Friday, 24 January 2014

Lies, damned lies and ..... what's the point?

Anyone pointing out that the data released by the Treasury showing pay is actually increasing in real terms is a crock of &*£" is missing the point. The reality is that average pay growth has and continues to lag inflation. The latest (as at 22/1/14) available ONS data shows the average weekly wage (including bonuses) grew at 0.9% per annum (1.2% private sector, 0.2% public sector) vs consumer price inflation of c.2% i.e. real pay, after taking the average increase in the cost of things into account, is continuing to fall, this time by 1%. That is the reality; pay growth continues to lag prices ergo yer average punter is worse off today than he was a year ago (and the year before that and the year before that one). 

But, that's beside the point. Googling over to the Daily Telegraph/Torygraph, Express and and Mail to see what they had to say about the special Treasury release given they’re quite the ones for supporting the current austerity regieme, as of 18.54, Friday, today, none of them were saying anything.

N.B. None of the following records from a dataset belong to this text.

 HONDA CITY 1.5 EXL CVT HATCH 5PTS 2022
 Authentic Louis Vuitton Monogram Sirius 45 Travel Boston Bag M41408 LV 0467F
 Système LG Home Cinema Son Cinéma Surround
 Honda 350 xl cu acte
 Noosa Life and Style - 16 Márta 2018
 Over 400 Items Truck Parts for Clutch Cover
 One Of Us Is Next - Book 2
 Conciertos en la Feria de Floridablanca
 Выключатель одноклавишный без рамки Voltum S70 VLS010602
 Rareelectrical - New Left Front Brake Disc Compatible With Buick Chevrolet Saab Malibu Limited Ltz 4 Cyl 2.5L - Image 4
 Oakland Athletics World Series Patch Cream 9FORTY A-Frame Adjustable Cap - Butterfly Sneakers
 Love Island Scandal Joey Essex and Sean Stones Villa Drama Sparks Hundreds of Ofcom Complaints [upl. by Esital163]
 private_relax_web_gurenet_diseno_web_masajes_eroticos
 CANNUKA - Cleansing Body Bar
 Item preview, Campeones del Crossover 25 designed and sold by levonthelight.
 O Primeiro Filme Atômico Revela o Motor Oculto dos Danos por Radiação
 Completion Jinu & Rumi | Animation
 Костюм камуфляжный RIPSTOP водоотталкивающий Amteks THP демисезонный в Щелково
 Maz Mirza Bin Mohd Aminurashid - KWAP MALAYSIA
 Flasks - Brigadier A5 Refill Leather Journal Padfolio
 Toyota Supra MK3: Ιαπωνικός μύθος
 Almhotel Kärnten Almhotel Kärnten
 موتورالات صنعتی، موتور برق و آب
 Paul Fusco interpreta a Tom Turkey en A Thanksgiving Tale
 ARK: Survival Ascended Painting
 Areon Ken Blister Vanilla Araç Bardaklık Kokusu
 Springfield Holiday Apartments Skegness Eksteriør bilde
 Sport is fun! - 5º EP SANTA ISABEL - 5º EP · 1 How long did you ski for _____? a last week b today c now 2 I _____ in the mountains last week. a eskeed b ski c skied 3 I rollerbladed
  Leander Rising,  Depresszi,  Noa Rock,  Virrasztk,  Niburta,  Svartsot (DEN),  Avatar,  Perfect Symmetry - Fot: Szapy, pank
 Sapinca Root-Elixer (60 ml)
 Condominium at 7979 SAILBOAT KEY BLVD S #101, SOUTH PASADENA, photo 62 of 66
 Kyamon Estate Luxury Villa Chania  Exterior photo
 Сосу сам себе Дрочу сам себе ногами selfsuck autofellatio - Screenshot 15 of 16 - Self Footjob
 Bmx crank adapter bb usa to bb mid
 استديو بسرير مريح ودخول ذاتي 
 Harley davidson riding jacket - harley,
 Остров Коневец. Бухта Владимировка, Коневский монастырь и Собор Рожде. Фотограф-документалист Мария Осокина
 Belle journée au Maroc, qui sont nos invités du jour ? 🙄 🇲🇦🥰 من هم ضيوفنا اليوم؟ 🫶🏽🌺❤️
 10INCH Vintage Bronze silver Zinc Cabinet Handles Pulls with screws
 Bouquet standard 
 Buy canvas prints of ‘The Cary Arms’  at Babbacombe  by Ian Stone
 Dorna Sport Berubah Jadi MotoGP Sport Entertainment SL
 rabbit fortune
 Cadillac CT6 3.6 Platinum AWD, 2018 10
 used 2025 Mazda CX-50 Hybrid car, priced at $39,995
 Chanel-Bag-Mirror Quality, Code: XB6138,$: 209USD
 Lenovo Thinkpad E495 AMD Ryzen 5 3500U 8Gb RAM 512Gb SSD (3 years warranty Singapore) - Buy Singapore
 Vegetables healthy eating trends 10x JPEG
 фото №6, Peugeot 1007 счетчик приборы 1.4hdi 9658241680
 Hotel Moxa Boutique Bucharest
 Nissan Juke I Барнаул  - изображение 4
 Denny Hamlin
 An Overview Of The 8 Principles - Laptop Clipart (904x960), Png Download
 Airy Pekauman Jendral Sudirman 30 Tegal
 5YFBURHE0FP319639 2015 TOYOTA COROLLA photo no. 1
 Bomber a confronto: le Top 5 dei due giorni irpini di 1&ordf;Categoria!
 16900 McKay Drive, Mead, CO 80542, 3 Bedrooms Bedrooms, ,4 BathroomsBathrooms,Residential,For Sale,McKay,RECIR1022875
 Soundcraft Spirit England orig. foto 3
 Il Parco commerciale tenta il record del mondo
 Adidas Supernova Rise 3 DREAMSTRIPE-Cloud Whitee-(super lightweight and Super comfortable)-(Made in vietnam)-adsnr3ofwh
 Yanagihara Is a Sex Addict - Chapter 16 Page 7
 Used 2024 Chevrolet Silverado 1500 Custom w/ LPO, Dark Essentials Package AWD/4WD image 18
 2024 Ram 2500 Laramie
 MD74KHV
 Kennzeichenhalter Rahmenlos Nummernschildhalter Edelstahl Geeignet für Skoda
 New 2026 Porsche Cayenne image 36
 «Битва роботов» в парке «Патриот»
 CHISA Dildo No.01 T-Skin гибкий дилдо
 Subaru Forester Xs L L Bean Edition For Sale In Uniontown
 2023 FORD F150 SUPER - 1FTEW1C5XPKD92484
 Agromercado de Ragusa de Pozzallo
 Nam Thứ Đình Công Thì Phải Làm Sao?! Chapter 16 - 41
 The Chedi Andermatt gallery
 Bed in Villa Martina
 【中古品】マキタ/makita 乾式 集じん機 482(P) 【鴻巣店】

Now, chew on that for a second. And a few seconds more. So the claims and data taxpayer funded government departments are making and issuing currently appear too implausible, too readily contradicted by easily available facts for even the Tory press to actually run with. By contrast, they're not too implausible for the BBC i.e. the BBC now appears less sane/more right wing than the Daily Mail when it comes to the economy.

But, that's still besides the point, which is this; Labour have been scoring political points by going on about the cost of living crisis. This Treasury release muddies the waters, handing every Tory guest on Newsnight, the Today programme etc., for the next however long a time-wasting peg on which to hang their prejudices about the consequences of the current ConDem lot’s economic policies for the majority of people in Britain. FTSE 100 executive pay packages growing at 14% per annum? Ahh, but the Treasury release says its actually only the top 10% that have seen their pay lag inflation. The number of food banks is up? Ahhh, but pay is now growing in real terms according to the latest Treasury figures. And so on.

This release is all about turning the grinding, real terms pay cuts millions of people continue to contend with into a distracting he-said, she-said political debate. Oh and factually its also just wrong, but due to the BBC approach to avoiding charges of bias - see climate change reporting fer instance - of presenting opposing views even when one is garbage, it could well continue to be presented as being in some way credible.

P.S.  Click here for a neat demolition of the claims and here for someone pointing out its actually quite hard to get hold of the Treasury release to check the methodology and numbers. Funnily enough, the story - and associated headline - is suddenly getting a lot less prominence on the BBC website. The whole thing feels increasingly like something out of "The Thick of It"; bright young thing twists numbers into supporting the party line, party press officer gets the BBC to do a big splash, a growing number of people say WTF? and allova sudden - move along now nothing to see here - the actual story is the Prime Minister's Davos speech.